In Reply to: Arrest made in Conception theft posted by on March 25, 2005 at 00:10:05:

A thief made off with one of Santa Barbara's most popular dive boats early Wednesday morning, crashing into and partially sinking a fishing boat during an erratic exit from the harbor before the vessel ran aground in an area dubbed the "Graveyard of the Pacific."

The 75-foot-long Conception, owned by Truth Aquatics and usually docked at Sea Landing in the Santa Barbara Harbor, was found Wednesday morning beached about a mile south of the Vandenberg Air Force Base's lighthouse at Point Arguello, said Capt. Todd Fleming, a base spokesman. The area is known for its treacherous waters and history of shipwrecks.

Because Vandenberg is a top-secret military installation, security forces scoured the scene for the intruders. No suspects were found as of late Wednesday, but security officers did find a pile of wet clothing and some footprints on the shoreline. The suspects were thought to be walking toward Jalama Beach.

Conception, owned by Glen Fritzler, has been a part of Truth Aquatics' three-boat fleet since 1981.

"We don't know if she's a goner or not," said Joanna McLean, a Sea Landing reservations agent at the harbor in Santa Barbara. "We're still optimistic."

Don Rowell, who operates another fleet boat called the Truth, has been a skipper aboard the Conception in the past.

"It's pretty much a disaster," Mr. Rowell said. "They ran up on a sandy beach, apparently. Somebody who was very unskilled did it."

The $1 million Conception was reported stolen at 7 a.m. Wednesday, and three hours later it was spotted hugging the coastline north of Gaviota. A Coast Guard helicopter called to locate the vessel spotted it beached at Vandenberg in the late morning.

The Santa Barbara Police Department is investigating the theft, along with the Harbor Patrol, Coast Guard and Vandenberg security forces.

At the harbor, law enforcement officials are trying to determine how the thief -- or thieves -- got the boat out of the crowded marina. A Stearns Wharf security guard saw the white-and-blue vessel moving "erratically" through the water around 1 a.m., a time when most boats are moored for the night.

As the Conception trundled through the marina, it struck three other boats, partially sinking the Slick Chick, a 70-foot, wooden commercial fishing boat. No one was aboard the three other boats when they were struck.

The bilge pumps aboard Slick Chick could not keep up with the resulting leak, and the vessel slowly settled to the bottom of the harbor, according to Lt. Paul McCaffrey of the Santa Barbara Police Department. It's now resting at a 45-degree angle in about 20 feet of water, its masts and rigging tangled with another boat nearby.

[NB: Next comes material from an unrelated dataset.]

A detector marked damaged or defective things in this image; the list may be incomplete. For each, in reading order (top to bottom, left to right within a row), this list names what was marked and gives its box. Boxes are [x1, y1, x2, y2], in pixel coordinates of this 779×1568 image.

Observers at the scene said the boat's owner heard the bilge alarm go off, and when he ran to the boat, the water was coming in so quickly that he only had time to grab a few items before abandoning the boat.

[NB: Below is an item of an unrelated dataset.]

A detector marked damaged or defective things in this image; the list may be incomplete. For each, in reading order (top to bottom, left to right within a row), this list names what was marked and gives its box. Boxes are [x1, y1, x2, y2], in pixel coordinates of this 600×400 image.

Two other boats, the UCSB Sailing Center's Boston whaler and the Gus G, sustained minor and moderate damage, respectively, but aren't in danger of sinking, Lt. McCaffrey said. The UCSB boat's handrail was gouged, and the floorboards are partially smashed in some areas.

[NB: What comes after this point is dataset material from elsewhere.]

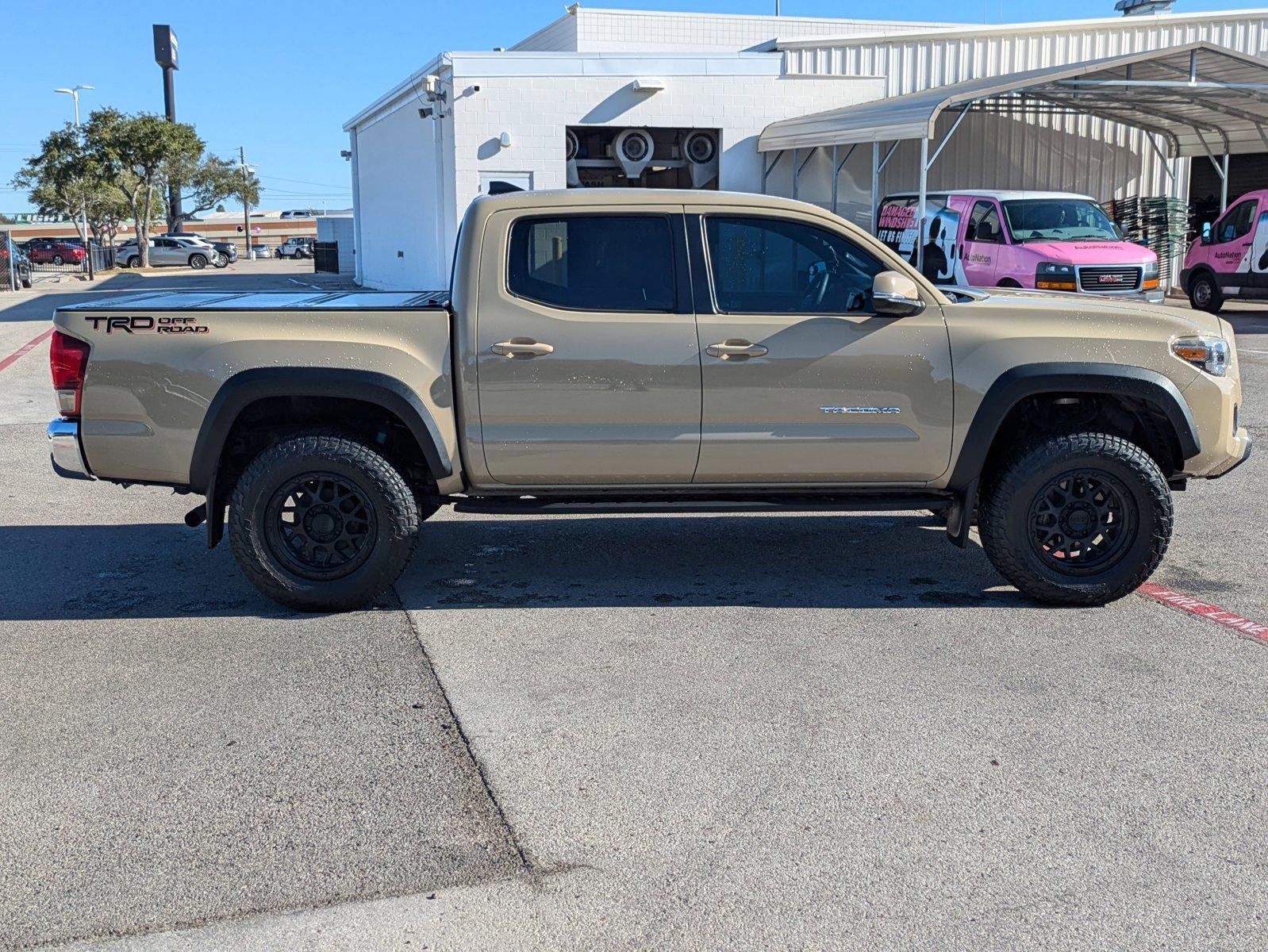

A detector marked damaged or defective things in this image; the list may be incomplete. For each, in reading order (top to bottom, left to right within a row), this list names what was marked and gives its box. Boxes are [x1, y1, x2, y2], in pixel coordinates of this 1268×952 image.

pavement crack [393, 588, 537, 877]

Conception, with 550-horsepower engines powering two propellers, isn't a vessel that can be easily piloted by an amateur, Lt. McCaffrey said.

"You or I wouldn't know how to start this engine," he explained. "It's not like you pull a cord and it starts. You have to know how to start this."

Mr. Rowell said the area where Conception is usually berthed is small, and in order to make tight turns, skippers use the wheel very sparingly while also running one engine forward and one in reverse.

"They knew enough to start the generator, and use the electronic shifters on the gear box, which are hard to understand if you don't really know what you're looking for," he said.

The boat, which has a cruising speed of about 12 knots, takes legions of divers on trips to the Channel Islands on day and multiday trips. It can hold up to 40 people, has a galley and is equipped for recreational scuba diving and island hikes.

The Conception's loss, even for a short time, could hurt the business as the weather clears and spring dive trips begin. Although April is usually a slow month, Mr. Rowell said, there are charters already on the books.

"Whatever they do to Conception, I imagine it is going to be in the boatyard for a while," he added.